You can see the bottom covered in the top picture. In this case I cut the piece tapered rather than trying to cut this on the aircraft, which I cannot imagine would have been easy or very ascetically pleasing. I wanted about a half inch to wrap around the sides. In ordered to get this tapered cut I did the following:
Measured the width of the bottom at its widest point plus some (9″ total)
Measured the length of the bottom plus an inch to overlay at the narrowest and excess at the top (24″ total)
Cut out a piece that was 9″ x 24″
Measured the width at the narrowest part (where it will be overlapping previous covering at the tail)

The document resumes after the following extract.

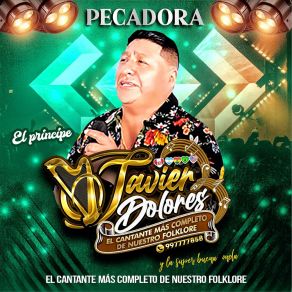 Download track Dejenme Llorar / Mañana Cuando Me Vaya / Cervecita Heladita Javier Dolores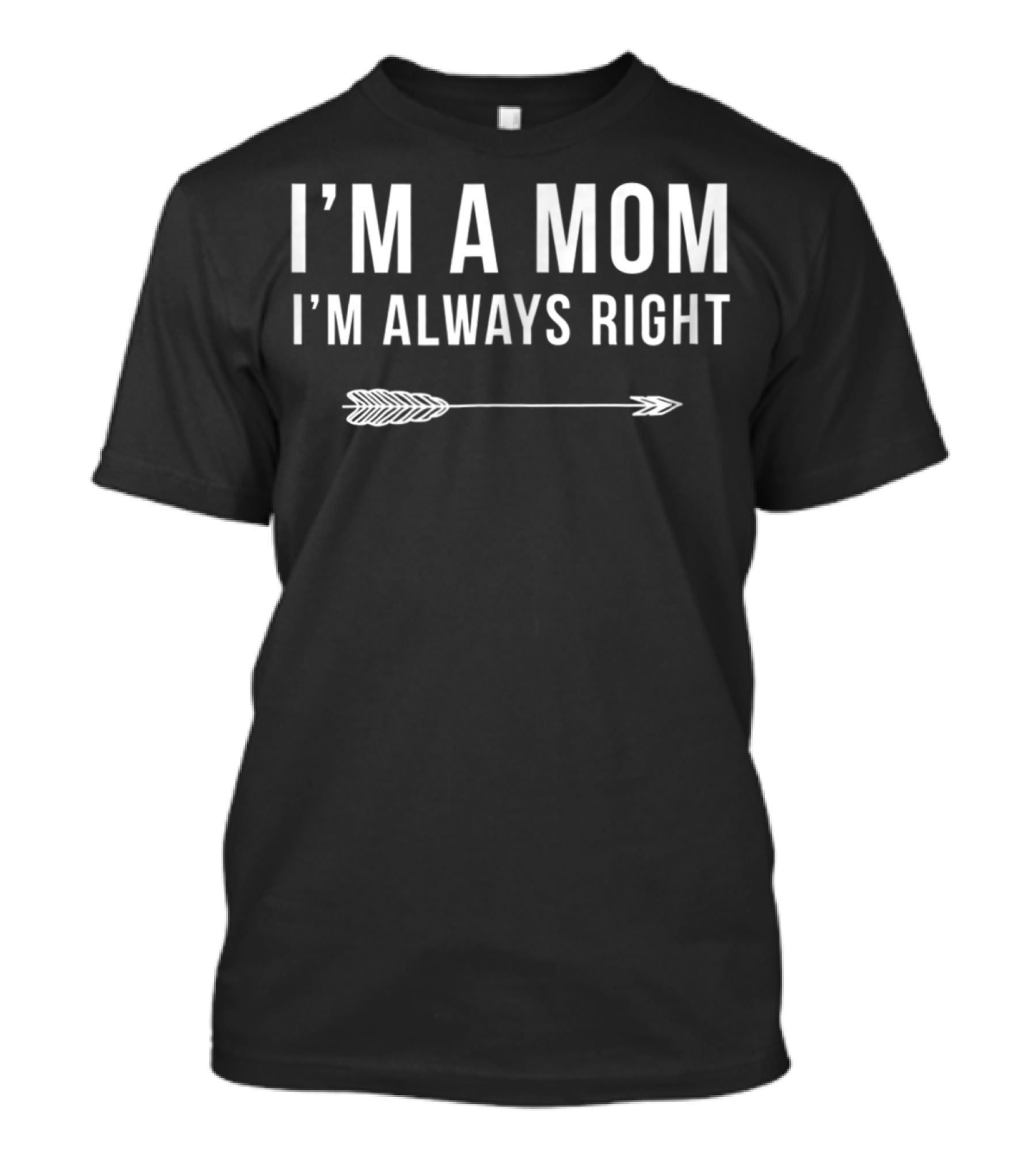 I'm A Mom I'm Always Right Arrow Funny Mom S15 T-Shirt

Marked the center of the covering that I cut out
Marked each side of center the width of the smaller part plus wrap around
Tuesday was another 2hr building session, which is about my typical. When you look at what I got done to the uninitiated you may think to yourself “It took you that long to do what?”. In order to install the rudder and elevator push rods correctly it takes time.
The first step is to figure out where the control horns need to be attached to the control surface (rudder & elevator). This is done by using a combination of the plans, to get a general idea where the horn needs to go as it’ll show where the support for it resides, and attaching the push rod to the servo to see where it lines up. The second allows you to determine the angle at which the control horn needs to be fastened to line up with the end of the push rod. As seen in the picture at the top I already have a hook in the push rod, which is attached to the servo arm.
Ensure that when you are installing the control horn and push rod the servo and control surface is in the neutral position.
Once this is determined you drill two holes through the control surface to act as the guides for the screws using a hand push drill, not electric, with a tiny bit. In my case it is two holes kitty corner to each other on the base of the control horn for fastening. When drilling you need to ensure you are going perpendicular to the surface and straight through, not at an angle, so take your time as it will pay off! I made this mistake and didn’t get it right so when placing the screws the opening on the back wasn’t lining up with the holes in the back plate causing issues. Thank-you John for the help correcting this and getting me on the straight and narrow for the elevator!